Copy exactly the lines that run from the line containing "Stylish kitchen with" to the end of the material below, both ends included.
◆ ◆ ◆ ◆ ◆
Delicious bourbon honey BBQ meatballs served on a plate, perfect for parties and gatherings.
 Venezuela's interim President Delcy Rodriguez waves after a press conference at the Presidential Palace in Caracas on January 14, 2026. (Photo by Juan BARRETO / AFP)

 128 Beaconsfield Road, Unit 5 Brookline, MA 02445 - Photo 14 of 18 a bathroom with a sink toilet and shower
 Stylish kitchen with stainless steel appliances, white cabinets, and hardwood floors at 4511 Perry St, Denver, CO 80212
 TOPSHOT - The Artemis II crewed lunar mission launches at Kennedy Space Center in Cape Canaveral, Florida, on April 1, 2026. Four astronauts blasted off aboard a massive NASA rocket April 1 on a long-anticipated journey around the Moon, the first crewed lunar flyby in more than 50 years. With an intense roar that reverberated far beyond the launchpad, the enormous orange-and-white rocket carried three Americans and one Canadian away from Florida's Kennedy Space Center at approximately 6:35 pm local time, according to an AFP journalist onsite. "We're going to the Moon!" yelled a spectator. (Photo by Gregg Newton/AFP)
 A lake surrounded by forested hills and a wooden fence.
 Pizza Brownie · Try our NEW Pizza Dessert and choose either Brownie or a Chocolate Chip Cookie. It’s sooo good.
◆ ◆ ◆ ◆ ◆
▶ Written response
 Stylish kitchen with stainless steel appliances, white cabinets, and hardwood floors at 4511 Perry St, Denver, CO 80212
 TOPSHOT - The Artemis II crewed lunar mission launches at Kennedy Space Center in Cape Canaveral, Florida, on April 1, 2026. Four astronauts blasted off aboard a massive NASA rocket April 1 on a long-anticipated journey around the Moon, the first crewed lunar flyby in more than 50 years. With an intense roar that reverberated far beyond the launchpad, the enormous orange-and-white rocket carried three Americans and one Canadian away from Florida's Kennedy Space Center at approximately 6:35 pm local time, according to an AFP journalist onsite. "We're going to the Moon!" yelled a spectator. (Photo by Gregg Newton/AFP)
 A lake surrounded by forested hills and a wooden fence.
 Pizza Brownie · Try our NEW Pizza Dessert and choose either Brownie or a Chocolate Chip Cookie. It’s sooo good.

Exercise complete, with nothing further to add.